Директриса потерла лоб кончиками пальцев. Помахала рукой, как веером, на уровне подбородка. Ее обдавало то жаром, то холодом.
– Иван?.. Еврейское имя?..
– А как же. Например, в Библии: Иоанн Креститель.
– Не морочь мне голову, – сказала Инесса Серафимовна. – Ты лучше скажи, почему ты, Никита Медведев, русский человек, записался в евреи?

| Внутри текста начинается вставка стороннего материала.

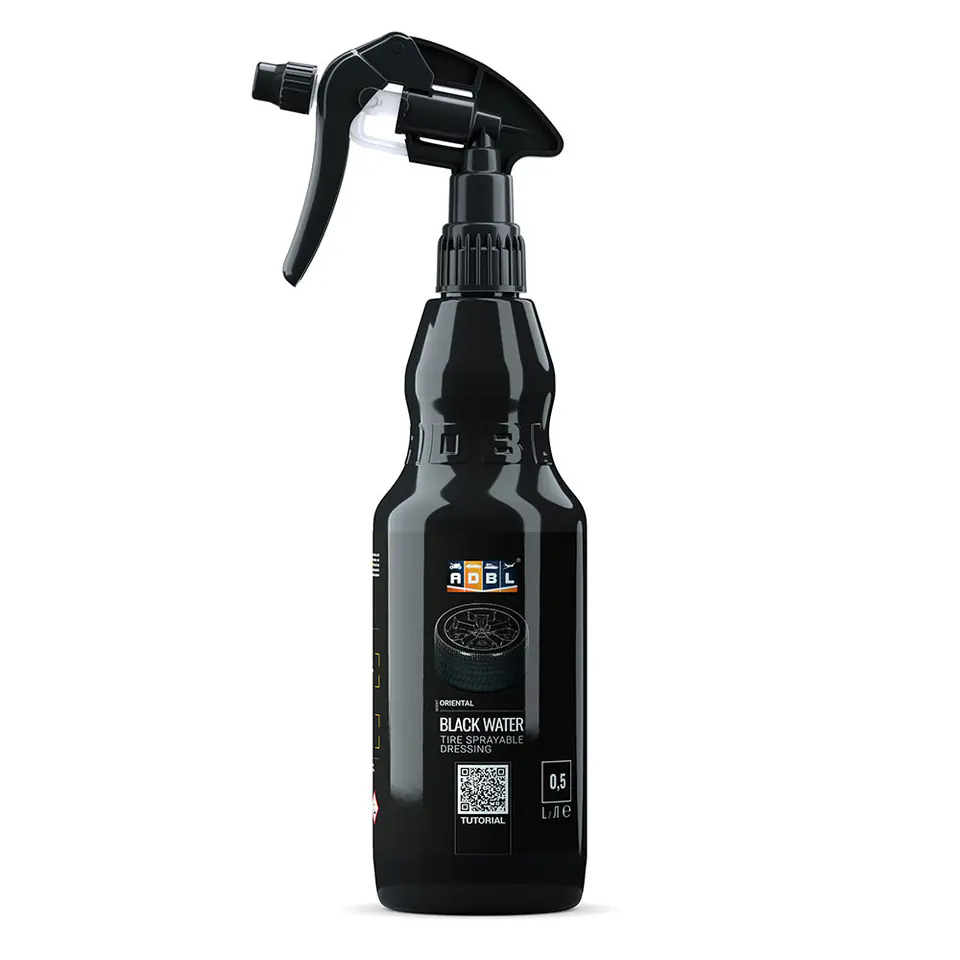 ⁨ADBL Black Water 0,5L - czernidło, dressing do opon⁩ at Wasserman.eu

– Вы ведь сами, – объяснил Никита, – говорили про национальную рознь... Так вот, я не хотел, чтобы ее сеяли... Никто из ребят не хочет... Поэтому все и записались...
– Ты не говори за других, Никита Медведев, говори за себя!
– Я и говорю за себя.
Может быть, молчание длилось целую минуту. Может быть – две. Подперев голову, Инесса Серафимовна смотрела на Никиту – тяжелым, печальным взглядом, будто прощаясь.
– Хочешь знать, кто ты такой на самом деле, Никита Медведев? – спросила директриса.
– Хочу, – сказал Никита.
Не так-то легко было выдержать взгляд Инессы Серафимовны, но он мужественно его выдержал, а что ему оставалось?.. Прошла еще минута молчания, и он услышал:
– Так вот, Никита Медведев, ты – сионист.
22
Известно, что при попытках постичь существо важнейших исторических событий сплошь и рядом возникают разного рода неясности и загадки. Что уж говорить о событиях вовсе не исторических?..
По одной версии, едва Никита Медведев вышел из директорского кабинета, к нему гурьбой кинулись ребята, поджидавшие – не то его появления, не то приглашения в кабинет.
– Не тушуйся, Никита! Мы с тобой! Мы тоже сионисты!.. – кричали они, поскольку слышали разговор, происходивший за дверью, он был довольно громок...
Никита ничуть не обрадовался такой поддержке, поскольку не помышлял об отбытии в Иерусалим, да и вообще смутно представлял себе идеалы сионизма. Как, впрочем, и все ребята. И потому, с мрачным видом оглядев своих сторонников, он сказал: «Вы не сионисты, вы – дураки...»
По другой версии, вся толпа с криками: «Тогда и мы!.. И мы тоже!..» – ворвалась в кабинет и окружила Инессу Серафимовну, которая тут же, забыв о победах на Чудском озере и поле Куликовом, одержанных ее предками, бежала из кабинета...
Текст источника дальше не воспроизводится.